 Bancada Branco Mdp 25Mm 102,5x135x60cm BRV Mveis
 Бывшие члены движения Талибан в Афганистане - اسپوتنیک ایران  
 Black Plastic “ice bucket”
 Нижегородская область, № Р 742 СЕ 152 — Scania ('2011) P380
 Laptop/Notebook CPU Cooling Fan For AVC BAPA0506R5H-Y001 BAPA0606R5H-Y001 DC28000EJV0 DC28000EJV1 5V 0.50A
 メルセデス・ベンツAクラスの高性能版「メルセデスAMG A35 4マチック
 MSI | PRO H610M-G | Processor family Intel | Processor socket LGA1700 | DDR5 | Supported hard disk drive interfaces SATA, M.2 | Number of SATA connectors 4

TASK DESCRIPTION
Only the lines from the one with "Нижегородская область, №" through the final line above belong in the answer, each retyped exactly.

ANSWER BELOW
 Нижегородская область, № Р 742 СЕ 152 — Scania ('2011) P380
 Laptop/Notebook CPU Cooling Fan For AVC BAPA0506R5H-Y001 BAPA0606R5H-Y001 DC28000EJV0 DC28000EJV1 5V 0.50A
 メルセデス・ベンツAクラスの高性能版「メルセデスAMG A35 4マチック
 MSI | PRO H610M-G | Processor family Intel | Processor socket LGA1700 | DDR5 | Supported hard disk drive interfaces SATA, M.2 | Number of SATA connectors 4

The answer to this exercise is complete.